Temporary Debt Ceiling, Delinquents and Giveaways
January 8, 2010 by Chip Wood
*A very temporary new debt ceiling. In its last action before shutting down for the Christmas holidays the Senate voted 60-39 on Christmas Eve to raise the U.S. debt ceiling by $240 billion, to a grand total of $12.4 trillion. The new funds won’t last long, however. At the present rate of spending the government will run out of money by mid-February.
*Here’s one way to pay the bills. The Internal Revenue Service (IRS) reports that some 276,000 current and retired federal employees are in arrears on paying their income taxes. The total owed Uncle Sam by these deadbeats comes to a little more than $3 billion. Among cabinet agencies, the Department of Housing and Urban Development had the highest delinquency rate at just over 4 percent.

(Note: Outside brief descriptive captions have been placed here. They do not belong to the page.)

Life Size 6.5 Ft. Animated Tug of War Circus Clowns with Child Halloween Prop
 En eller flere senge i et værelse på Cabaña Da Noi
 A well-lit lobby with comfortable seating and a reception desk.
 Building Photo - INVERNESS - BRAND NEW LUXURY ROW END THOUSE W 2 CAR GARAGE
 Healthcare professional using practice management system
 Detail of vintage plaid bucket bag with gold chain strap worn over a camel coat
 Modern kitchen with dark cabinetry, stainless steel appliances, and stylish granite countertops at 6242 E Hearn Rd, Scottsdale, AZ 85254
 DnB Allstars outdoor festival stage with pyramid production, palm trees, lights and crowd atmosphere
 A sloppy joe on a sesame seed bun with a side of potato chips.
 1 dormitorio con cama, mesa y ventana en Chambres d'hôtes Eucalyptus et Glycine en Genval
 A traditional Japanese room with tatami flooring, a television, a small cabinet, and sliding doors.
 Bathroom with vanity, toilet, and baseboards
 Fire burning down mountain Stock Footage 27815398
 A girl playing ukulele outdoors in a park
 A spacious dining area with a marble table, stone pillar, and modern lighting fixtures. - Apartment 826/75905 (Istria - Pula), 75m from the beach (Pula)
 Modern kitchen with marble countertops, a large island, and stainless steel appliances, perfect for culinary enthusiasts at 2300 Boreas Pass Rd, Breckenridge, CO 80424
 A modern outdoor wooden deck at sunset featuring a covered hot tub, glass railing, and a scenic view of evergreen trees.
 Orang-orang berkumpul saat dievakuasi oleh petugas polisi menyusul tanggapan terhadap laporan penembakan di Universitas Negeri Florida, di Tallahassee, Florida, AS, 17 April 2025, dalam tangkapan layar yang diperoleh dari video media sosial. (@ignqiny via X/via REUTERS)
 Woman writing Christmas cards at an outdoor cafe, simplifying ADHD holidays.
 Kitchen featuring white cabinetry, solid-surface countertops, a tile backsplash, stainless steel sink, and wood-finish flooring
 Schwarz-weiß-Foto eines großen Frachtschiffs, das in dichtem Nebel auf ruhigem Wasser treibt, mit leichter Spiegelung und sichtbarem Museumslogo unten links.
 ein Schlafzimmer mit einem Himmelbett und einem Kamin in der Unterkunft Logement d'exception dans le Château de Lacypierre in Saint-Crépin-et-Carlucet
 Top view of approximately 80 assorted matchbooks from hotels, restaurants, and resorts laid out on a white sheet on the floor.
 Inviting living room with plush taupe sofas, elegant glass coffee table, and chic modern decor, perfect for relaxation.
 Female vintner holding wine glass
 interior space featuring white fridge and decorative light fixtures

*Let’s stop giving it away. Secretary of Agriculture Tom Vilsack recently promised that the United States would give $1 billion to developing countries that work to preserve their forests. This means that the U.S., already $12 trillion in debt and facing another trillion-dollar deficit, will borrow the money from China, to send to Brazil, to bribe them to stop cutting down their own trees.
*But Hillary wants to spend a lot more. Vilsack’s promise of $1 billion to preserve the Amazon rain forests seemed modest indeed compared to the promise at Copenhagen from Secretary of State Hillary Clinton. She pledged that the U.S. will lead a campaign to provide $100 billion a year, starting in 2020, “to address climate change needs in developing countries.” Where will the money come from? See the first item above.